Jens Weidmann hat im Moment wirklich keinen Job, um den man ihn beneidet. In der Finanz- und Staatsschuldenkrise entwickelt sich die EZB immer mehr zur Feuerwehr. Wer etwas weniger freundlich sein möchte, kann auch sagen, dass die EZB zum Selbstbedienungsladen der Südländer verkommt. Gerade Draghis jüngste Ankündigungen, das Anleihenkaufprogramm wieder aufzunehmen, sorgte für Unmut in der stabilitätsorientierten Bundesbank. Diese hat allerdings derzeit nichts zu melden, der Mahner Weidmann, der stets die Priorität der Geldwertstabilität predigt, wird im EZB Rat stets überstimmt. Auch der nach dem Rücktritt des ehemaligen Chefvolkswirt Jürgen Stark neu in den Rat entsandte Jörg Asmussen stimmt nicht im Sinne der Bundesbank.

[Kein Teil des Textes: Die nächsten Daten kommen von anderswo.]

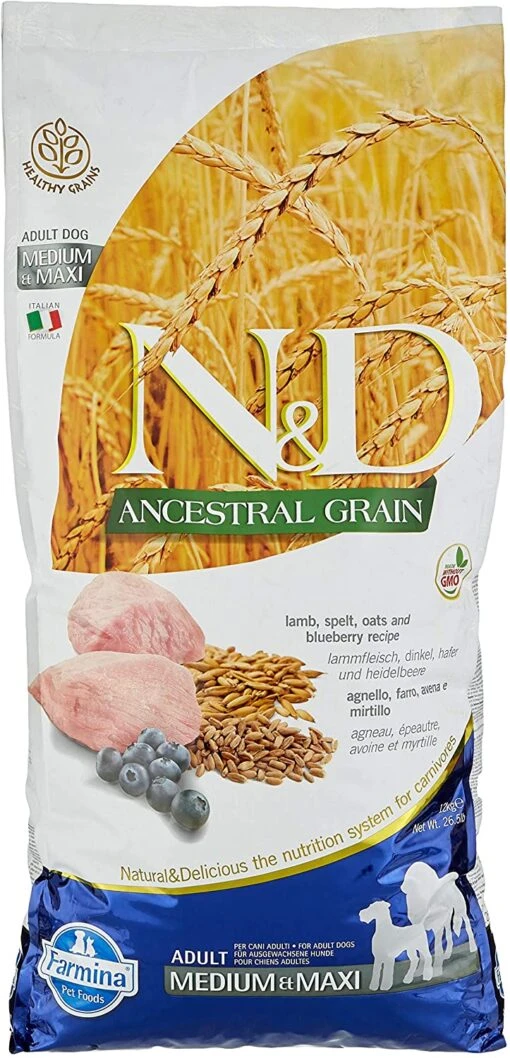 Farmina Ancestral Grain Lamb & Blueberry Adult Medium And Maxi Dry Dog Food - 26.4 Lb Bag -Tropiclean Store farmina ancestral grain lamb blueberry adult medium and maxi dry dog food 264 lb bag 446403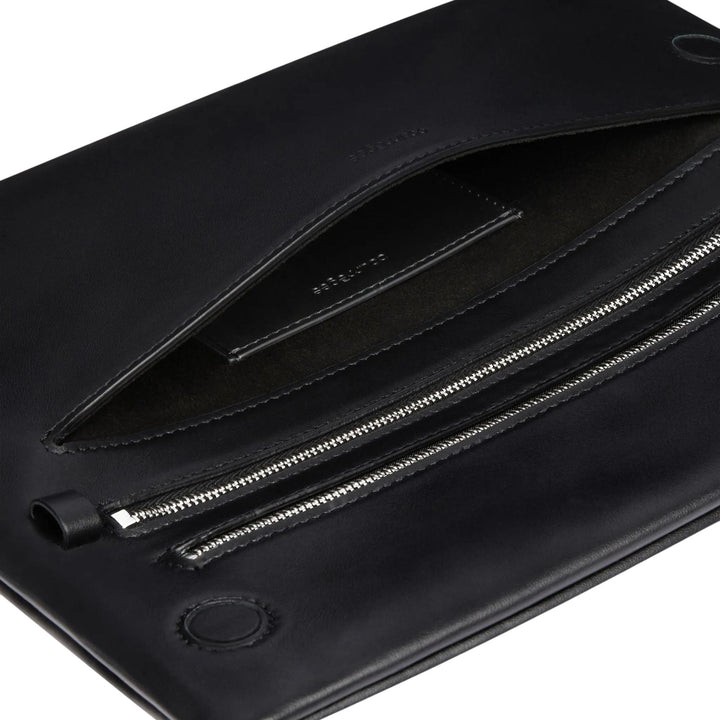 Club21 - courreges - Cuff Leather Clutch - HANDBAGS - Black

Gleichzeitig gibt es kaum noch Rückendeckung aus der Politik für den geldpolitischen Falken Weidmann, so dass dieser bereits gerüchteweise über einen Rücktritt nachgedacht hat – wie schon sein Vorgänger Axel Weber, der ebenfalls nicht mehr bereit war, die geradezu fahrlässige Geldpolitik der EZB noch mit zu tragen. Doch auch ein weiterer Wechsel an der Bundesbankspitze dürfte keine Auswirkungen auf die Geldpolitik haben. Durch die absurde Konstruktionsweise der Stimmverhältnisse – ein Land eine Stimme (also hat Zypern genauso großes Gewicht wie Deutschland) – ist eine Abkehr von der aktuellen lockeren Geldpolitik quasi politisch ausgeschlossen.
Zwar bedeutet dies nicht unmittelbare Inflationsgefahr, die offiziellen Inflationsraten sind unverändert niedrig, doch steht außer Frage, dass die massiv ausgeweitete Geldmenge auf mittlere Sicht hin durchaus die Gefahr einer stärkeren Teuerungsrate beinhaltet. Ob und wenn ja wann diese Gefahr sich tatsächlich realisieren wird, steht derzeit nicht fest. Wenn es so weit ist, dann könnte es für die EZB schwierig werden, diese Effekte wieder zu kompensieren, denn das billige Geld am Markt ist wie eine Droge, sie macht die Märkte und die Staaten abhängig.